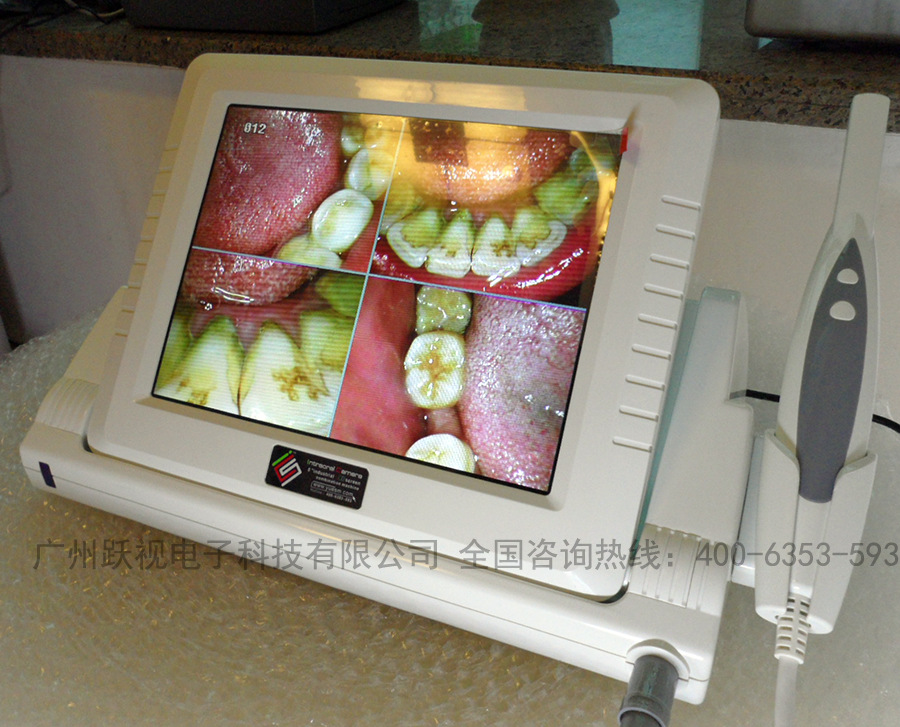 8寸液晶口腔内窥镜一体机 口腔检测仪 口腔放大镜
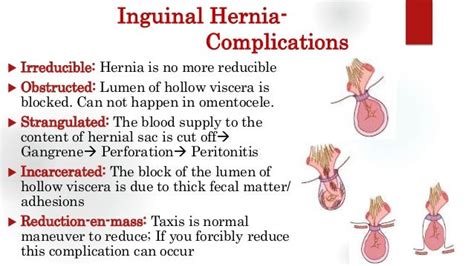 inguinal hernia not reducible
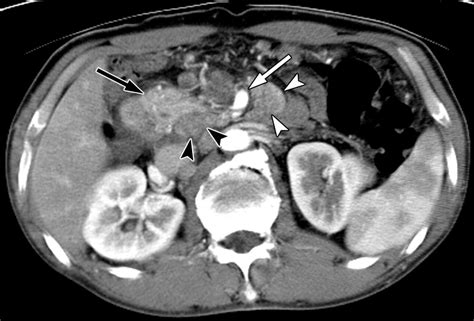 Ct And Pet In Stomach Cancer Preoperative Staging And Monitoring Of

---

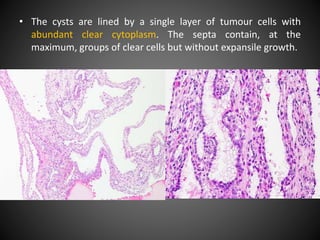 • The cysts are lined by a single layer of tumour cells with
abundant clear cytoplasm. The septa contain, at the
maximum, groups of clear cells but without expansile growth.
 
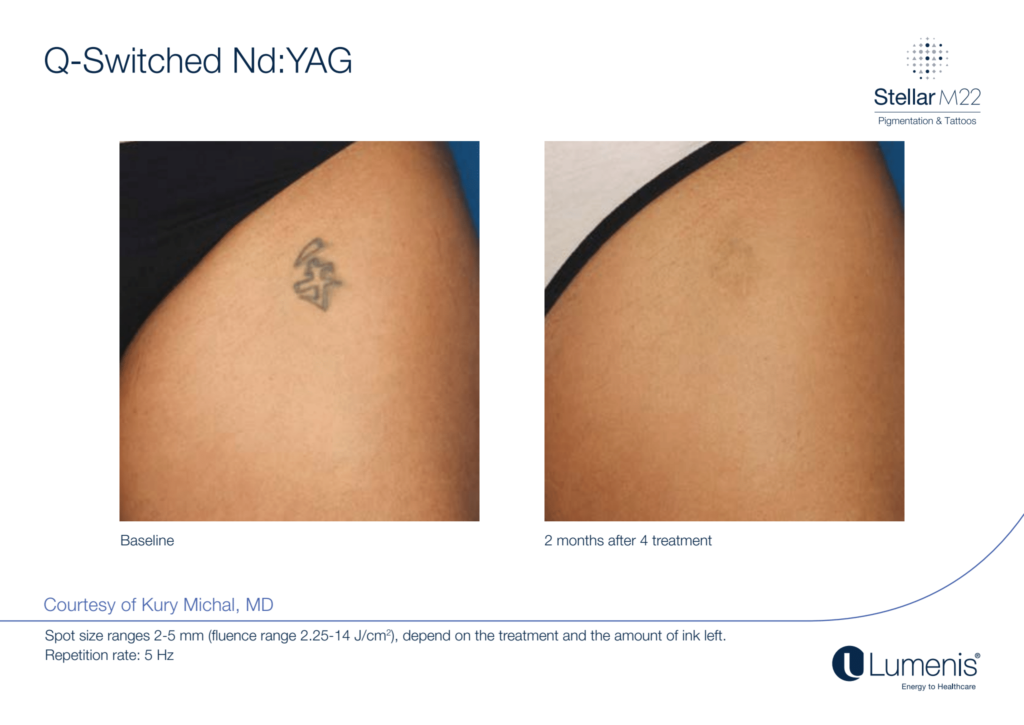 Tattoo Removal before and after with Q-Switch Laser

• **WHAT IS EXPECTED**
Note every line of the entries in which "clear" appears, and copy it down.

• **TASK SOLUTION**
abundant clear cytoplasm. The septa contain, at the
maximum, groups of clear cells but without expansile growth.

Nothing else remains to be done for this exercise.